*** Task input ***
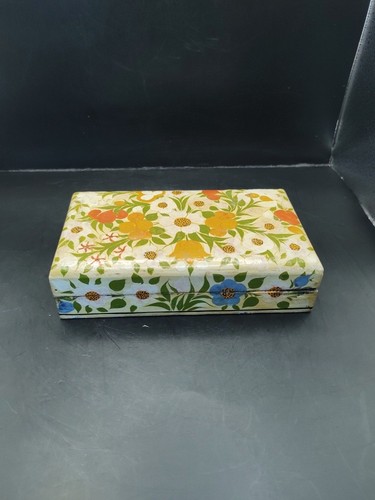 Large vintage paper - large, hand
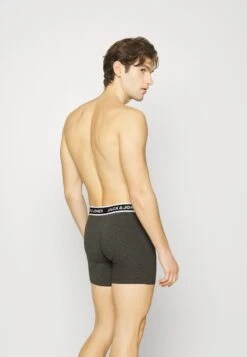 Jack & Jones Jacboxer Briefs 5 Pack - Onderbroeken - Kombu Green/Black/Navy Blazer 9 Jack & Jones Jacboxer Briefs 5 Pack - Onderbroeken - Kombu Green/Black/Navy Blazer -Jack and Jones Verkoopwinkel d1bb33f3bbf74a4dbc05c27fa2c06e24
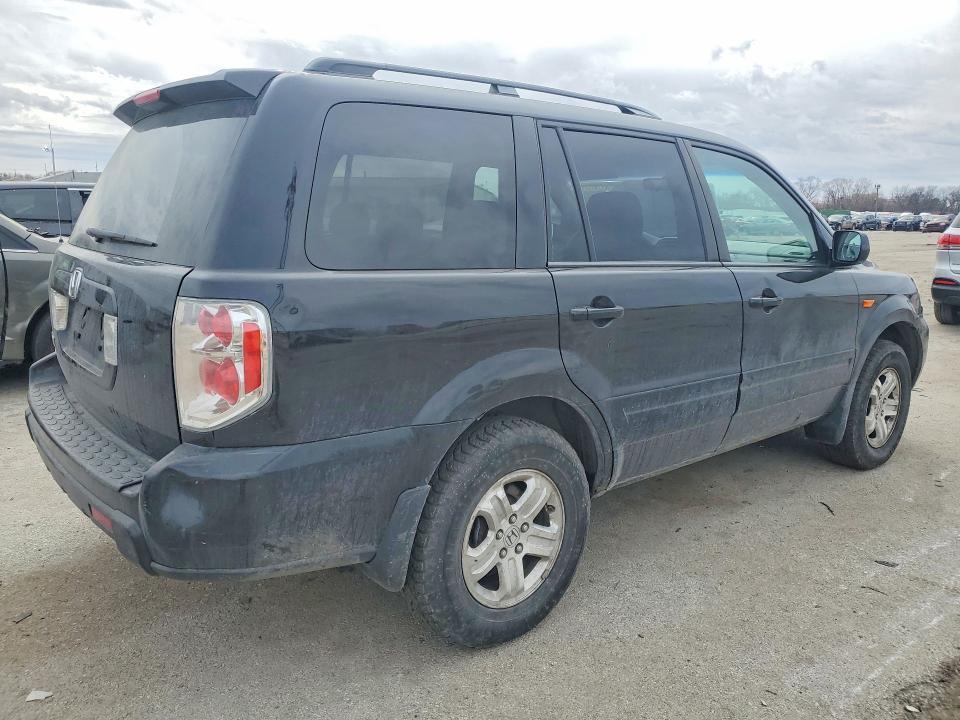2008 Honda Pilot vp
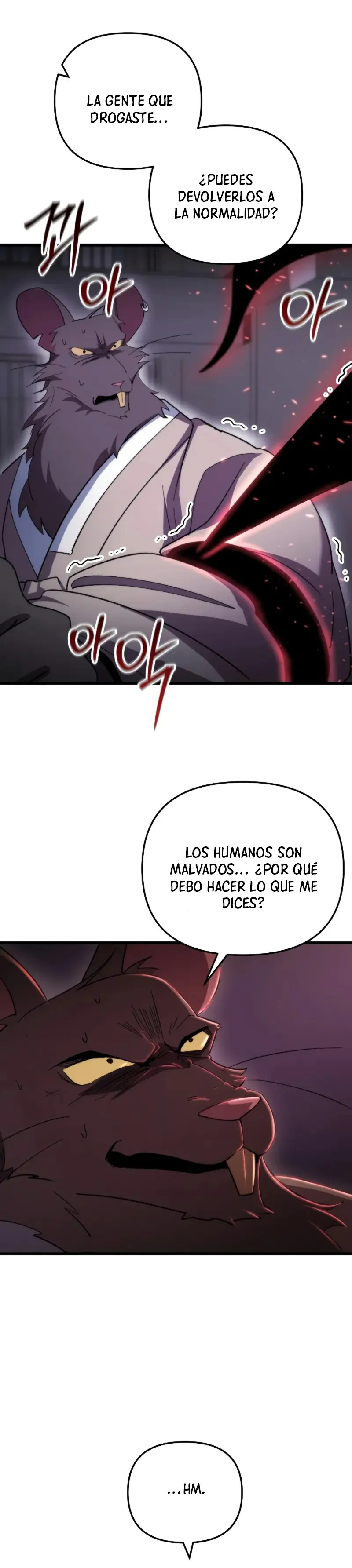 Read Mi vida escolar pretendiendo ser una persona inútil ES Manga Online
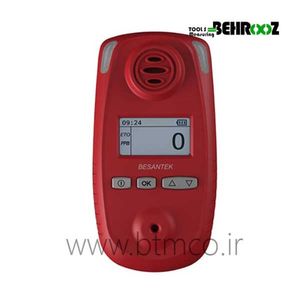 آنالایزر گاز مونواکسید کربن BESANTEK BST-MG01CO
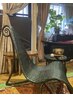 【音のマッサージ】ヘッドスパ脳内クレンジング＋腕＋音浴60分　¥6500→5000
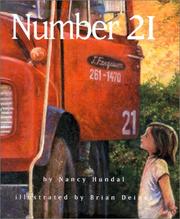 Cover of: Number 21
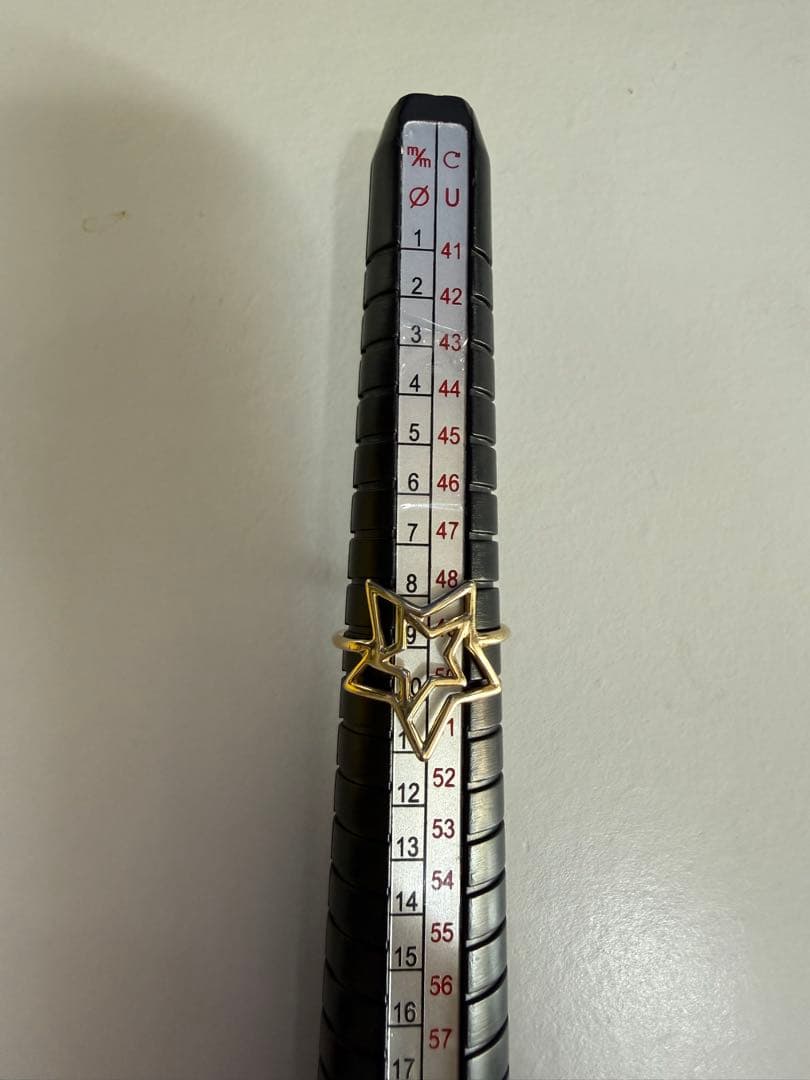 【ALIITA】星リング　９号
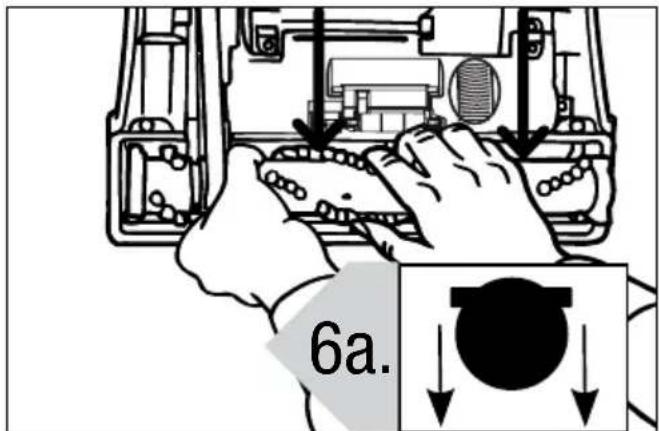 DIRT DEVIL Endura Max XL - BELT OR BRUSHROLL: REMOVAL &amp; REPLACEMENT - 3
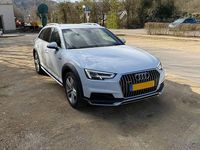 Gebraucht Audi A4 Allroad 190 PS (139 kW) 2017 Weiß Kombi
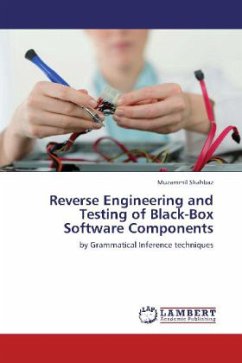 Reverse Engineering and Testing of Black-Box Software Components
*** End of Task input ***
After removing each picture, print the entries above exactly as they were.

 Large vintage paper - large, hand
 Jack & Jones Jacboxer Briefs 5 Pack - Onderbroeken - Kombu Green/Black/Navy Blazer 9 Jack & Jones Jacboxer Briefs 5 Pack - Onderbroeken - Kombu Green/Black/Navy Blazer -Jack and Jones Verkoopwinkel d1bb33f3bbf74a4dbc05c27fa2c06e24
2008 Honda Pilot vp
 Read Mi vida escolar pretendiendo ser una persona inútil ES Manga Online
 آنالایزر گاز مونواکسید کربن BESANTEK BST-MG01CO
 【音のマッサージ】ヘッドスパ脳内クレンジング＋腕＋音浴60分　¥6500→5000
 Cover of: Number 21
 【ALIITA】星リング　９号
 DIRT DEVIL Endura Max XL - BELT OR BRUSHROLL: REMOVAL &amp; REPLACEMENT - 3
 Gebraucht Audi A4 Allroad 190 PS (139 kW) 2017 Weiß Kombi
 Reverse Engineering and Testing of Black-Box Software Components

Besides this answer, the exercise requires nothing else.